When and how to refinance your mortgage

November 27, 2014

Everyone wants to save money and get their property paid off ASAP. But can refinancing a mortgage really help do that?

When and how to refinance your mortgage

What is refinancing?

It can - if you're savvy about how you do it. Let's start with a basic definition.

  • Refinancing is when you pay off an existing debt with a new loan. So you're replacing one debt with another.
  • There are a lot of good reasons to refinance, as well as times when you want to avoid it.

When should you refinance? What are the benefits of refinancing? Let's take a look.

Getting a lower interest rate

There are many benefits to securing a lower interest rate by refinancing your mortgage.
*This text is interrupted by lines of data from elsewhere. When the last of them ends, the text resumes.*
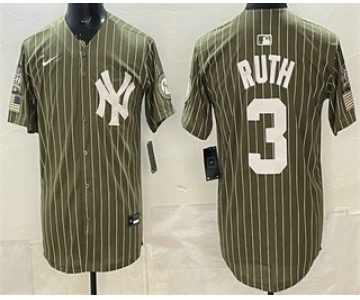Men's New York Yankees #3 Babe Ruth Olive Pinstripe 2026 Armed Forces Day Salute To Service Jersey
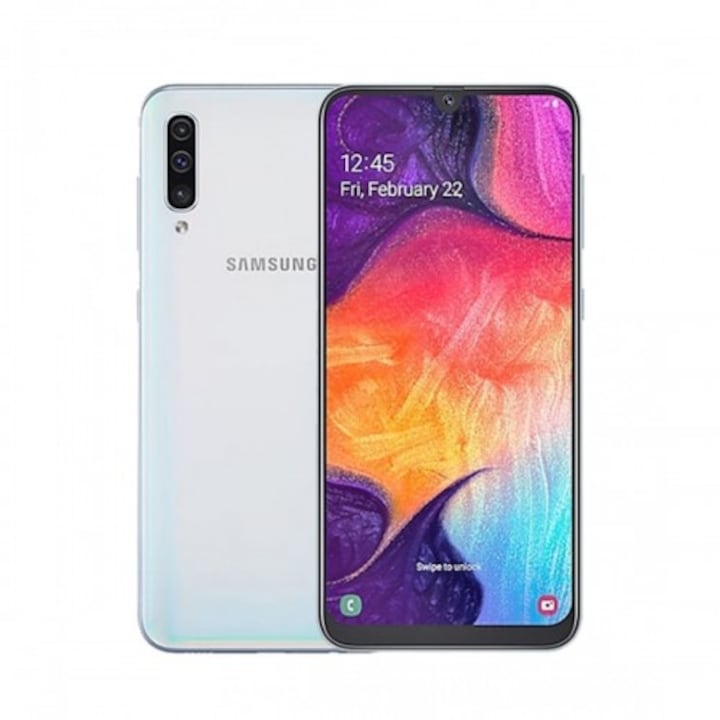 Комплект смартфон Samsung Galaxy A50 (2019) A505FN Dual , Бял + Подарък 3 бр стъклен протектор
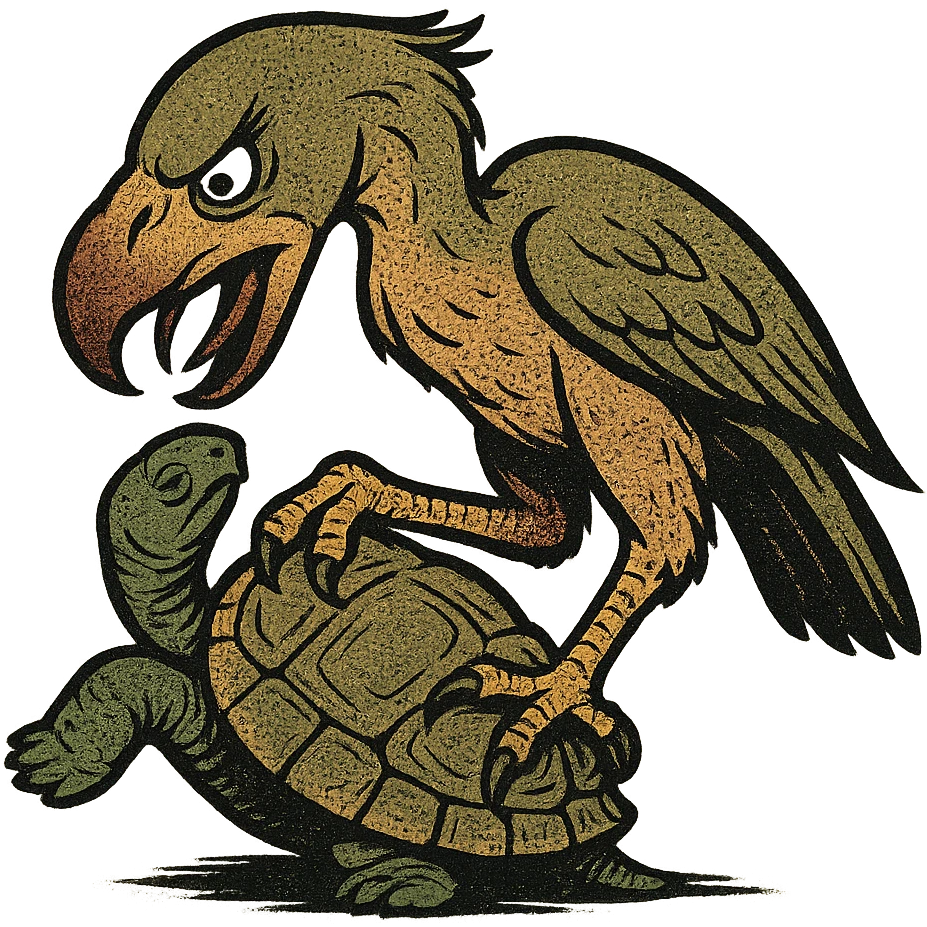 an insignia for a flag: a strange foreign alien bird creature, resembling a prehistoric phorusrhacos, gripping a upturned tortoise with a claw with its' beak tearing down into it
 emoji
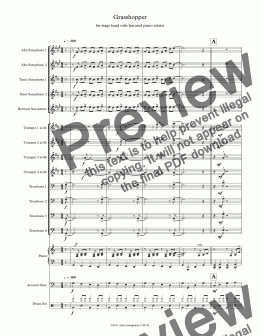 page one of Grasshopper (big band)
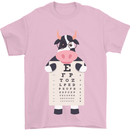 A Cow Holding a Snellen Eye Chart Glasses Mens T-Shirt Cotton Gildan Light Pink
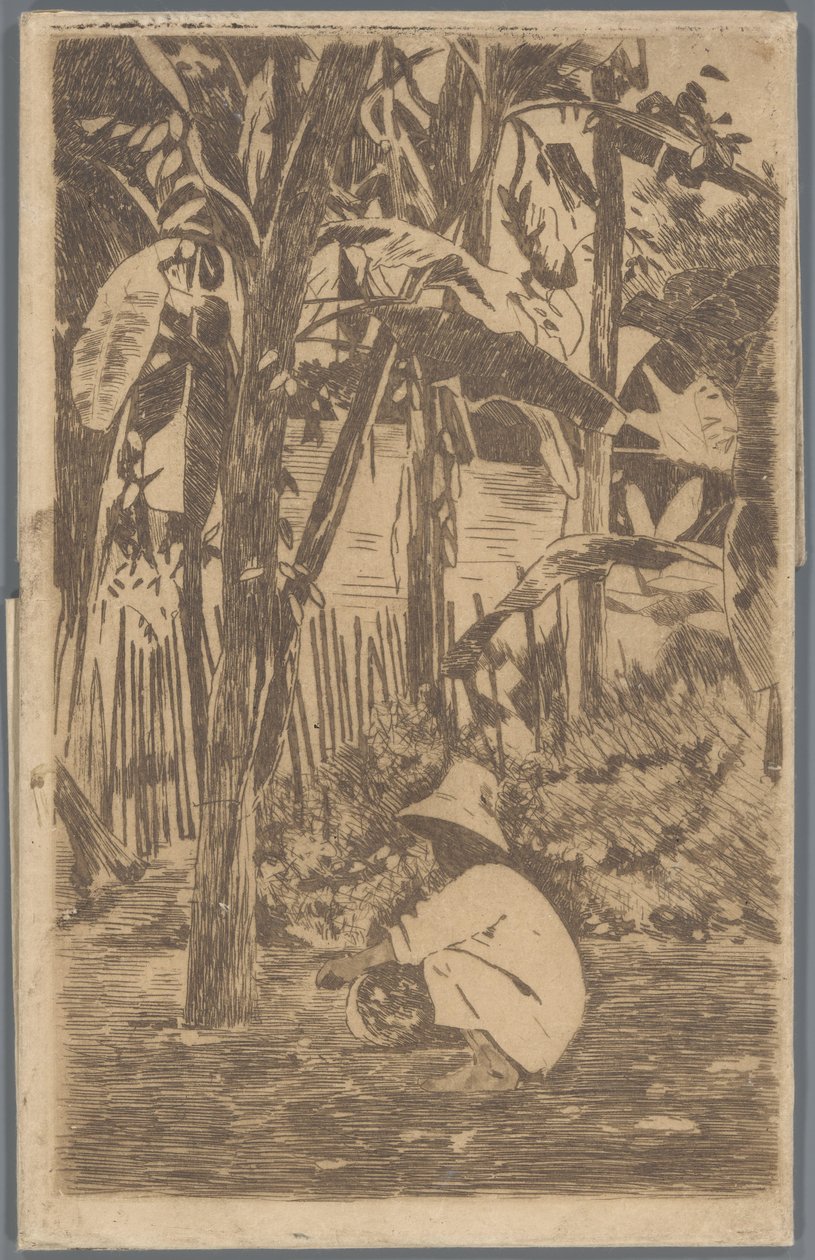 Gut på huk i en hage, Buitenzorg av Willem Arnoldus Witsen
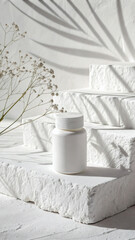 Matte White Supplement Jar on Textured White Plaster with Minimal Shadows
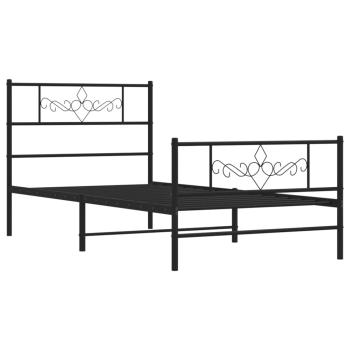Bettgestell mit Kopf- und Fußteil Metall Schwarz 90x190 cm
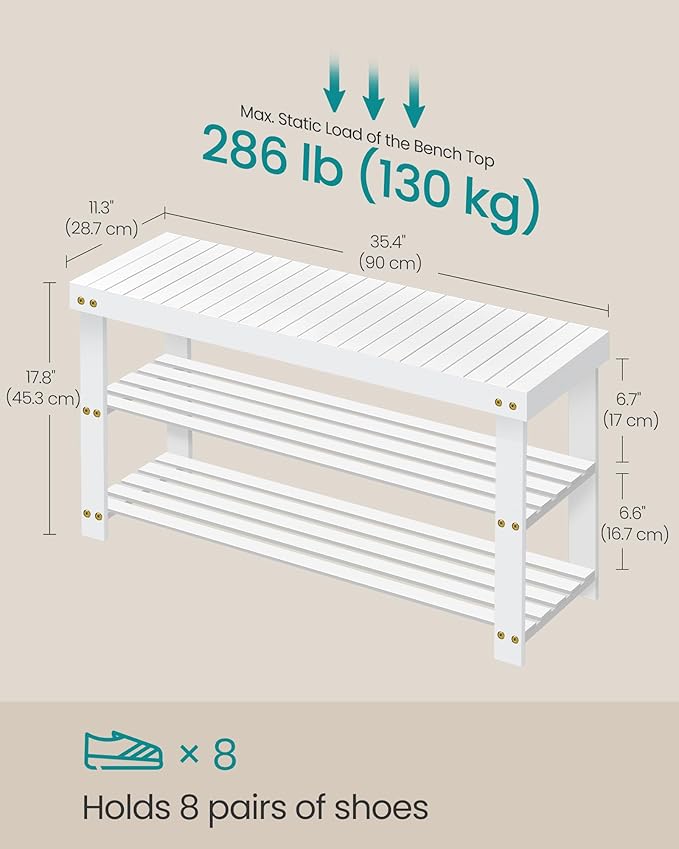 SONGMICS Shoe Rack Bench, 3-Tier Bamboo Shoe Storage Organizer, Entryway Bench - Image 3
  • The most obvious is saving money.
  • Also, your equity can build faster and that can decrease the monthly payments themselves.
  • Over time, the benefits of a lower interest rate can add up to a big difference.
  • Depending on your situation and who you ask, a rate reduction of 1-2 per cent can be enough to justify the refinancing. Anything more than that is almost certainly worth it.

Changing between fixed rate and adjustable rate

The obvious risk of an adjustable rate is that, while the starting interest rate can be lower, it might go up enough over time to offset the savings.

  • In some cases, when interest rates are rising over the long term trend, converting to a fixed rate can save you money.
  • On the other hand, if you have a fixed rate and interests rates are steadily dropping over the long term, it can actually be a good choice to convert to an adjustable rate.

It's a tricky balance to strike, but when done properly, the payoff can be considerable.

Getting a shorter loan term

Getting a shorter term on your mortgage obviously decreases the amount of time before the property is fully paid off.

  • In many cases, if a lower interest rate can be achieved, instead of saving the money each month and putting it to other uses, you can keep the monthly payments the same and shorten the total repayment time.
  • Your finances and budget remain the same, but your equity will build faster.

Cashing in on home equity or consolidating

It's possible to refinance your mortgage to pay for large one-off expenditures like renovations, or to consolidate other higher-interest debt into your mortgage.

It can seem like a sound strategy, and can indeed be worth it in some cases, but the risks are real.

  • Any refinancing to access your equity will increase the total amount of time it will take you to pay off your debt.
  • Repeated refinancing in this manner can lead to an unending cycle of debt. Be cautious when considering your options.
  • Your number one objective should usually be to pay off your mortgage as quickly and affordably as you possibly can.